I'm curious about the 2nd one. Does that mean that he gets a demerit if he has 3-some fantasies? And does that mean it's ok if he, alone, is not enough to keep *you* satisfied?



I also find the 6th one interesting. Most women I know want a man that is skilled in bed, but that comes with practice and women often get jealous about a guy's past sexual experiences, girlfriends, etc. What are your thoughts on this one?

lol. Of course he wouldn't be penalized for having 3-some fantasies or desiring other women. But, the question is, am I enough that he can control those desires and commit to only me? I am certainly capable of committing to just one man, yet that doesn't mean I don't have desires and fantasies of my own. Plus, I have fantasies of my own about being in a FMF 3-some....in my presence he may just get to fulfill some his own desires. LOL..it is true that knowing a man has an extremely various sexual past can be a turn off, but as long as the only thing they're bring to the relationship is the experience they have gained from that past.....well, I can feign ignorance and just enjoy their many acquired talents ;)

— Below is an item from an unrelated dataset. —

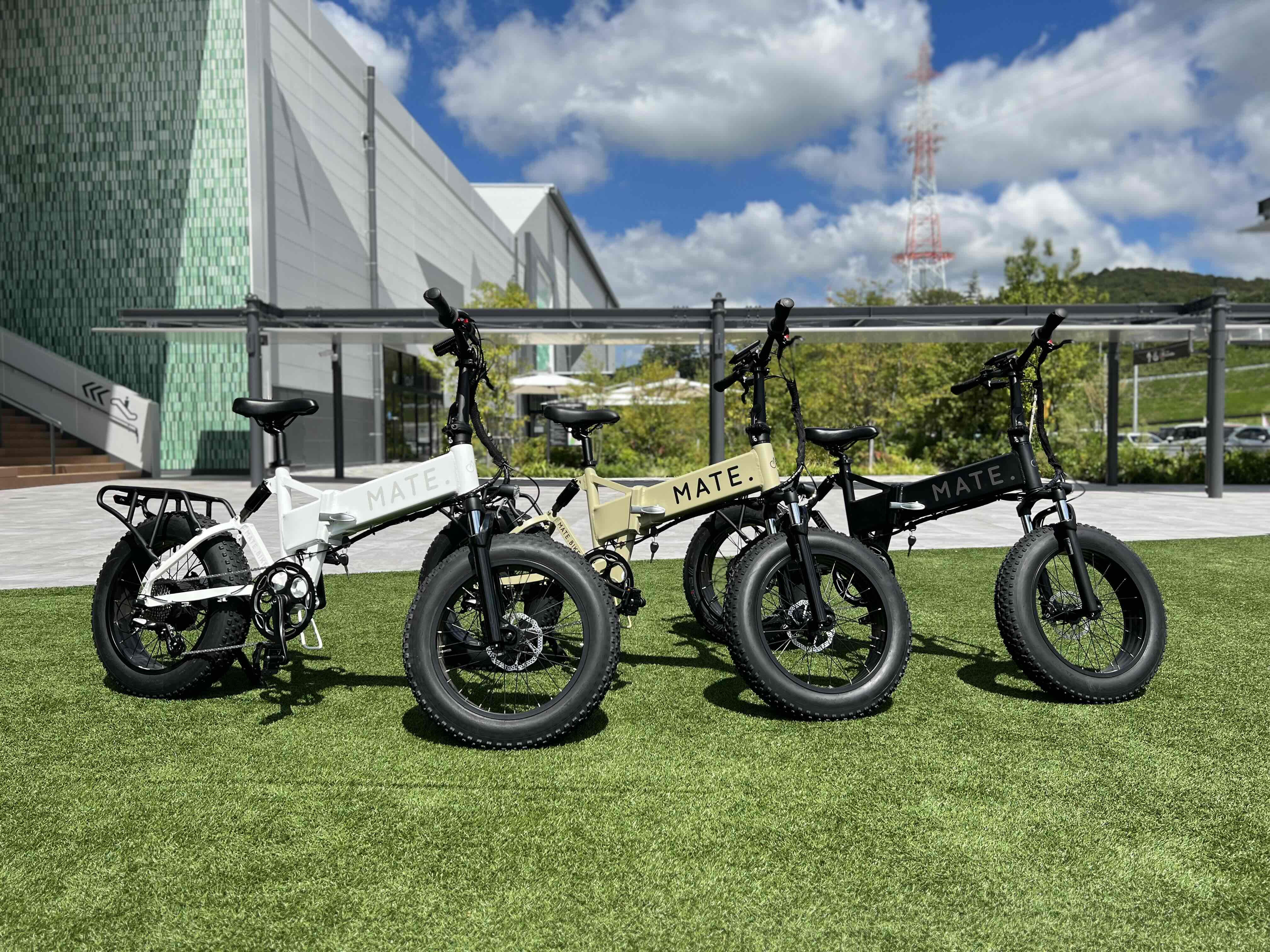 MATE X 対応 リアフェンダー 【公式通販】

And who said size matters?

no one here....although I think I mention that somewhere else...another story, *wink* LOL

Thank goodness, i was lost on how to continue on craigslist

Nice post really!

Love is all about chemistry and it comes so naturally. That's the beauty of it.

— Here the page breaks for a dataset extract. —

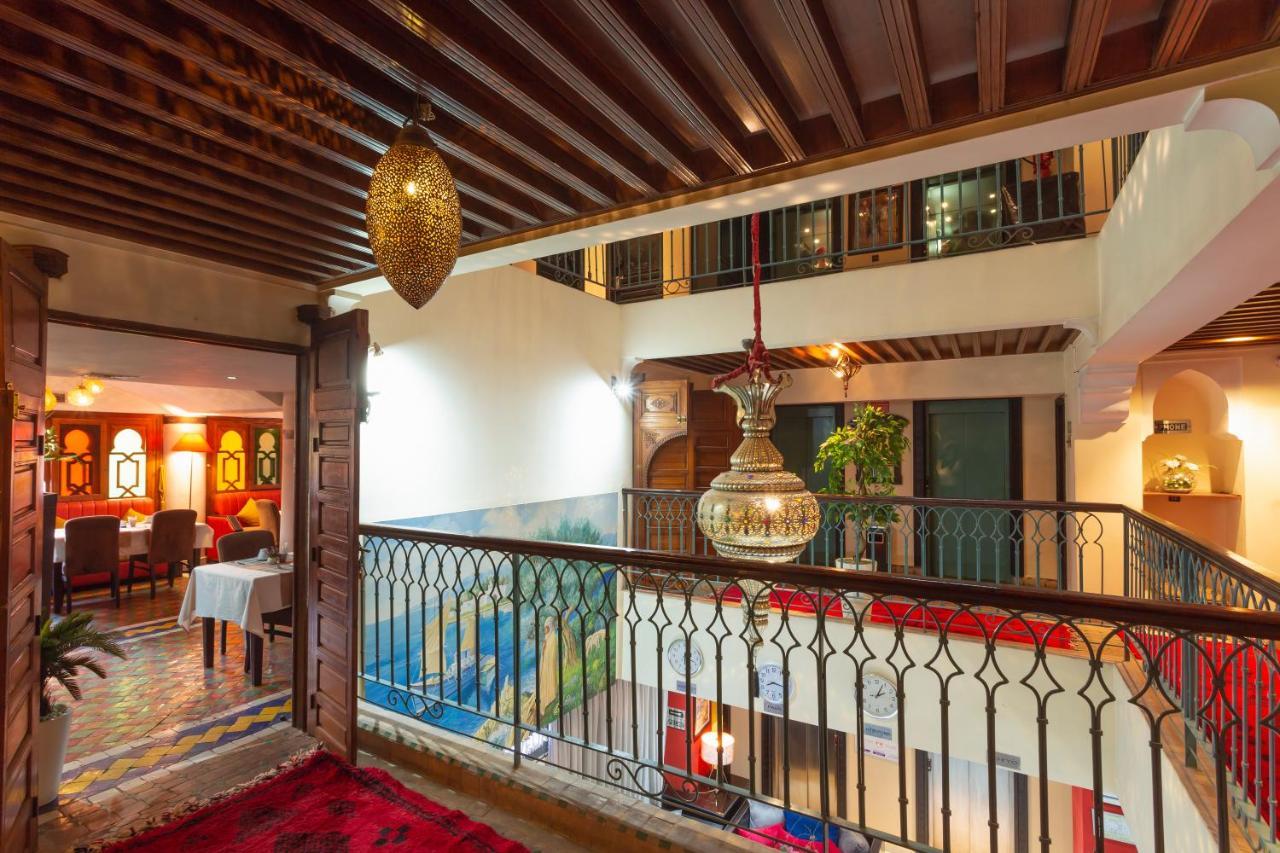 Le Caspien Boutique Hotel Marrakesh Luaran gambar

As lovers move on to the next stage of their relationship, it's challenging how to keep that chemistry flesh enough.

Here is my list:

1, Soul mate that could understand you and know you.

2, Sexual mate that could satisfy you totally.

3, Common interest, and your lover will never feel bored being with you all day long.

4, Wisdom or EQ that could hold on mutual communication to sort the problem out.

5, Respect and forgiveness.

thanks...and that is a great list as well. Chemistry is VERY important to me....I need that passion. I'm not sure I believe in soul mates....I think there are many people who could know and understand us. Sexual satisfaction is also very important. I don't need to have every interest in common...I like the excitement of being exposed to new experiences and sometimes you just need space to do your own thing. Intelligence is a must....as are respect and forgiveness. So how close have you come to fulfilling you list?

Thanks for you reply :D
Well as a matter of fact, I don't know how to measure it. Actually all I concern is being happy with each other, that means a lot already, if you try to believe the person you love is the right one. Simplicity is utmost important. Sometimes such top priorities may only bring troubles. We are not perfect enough.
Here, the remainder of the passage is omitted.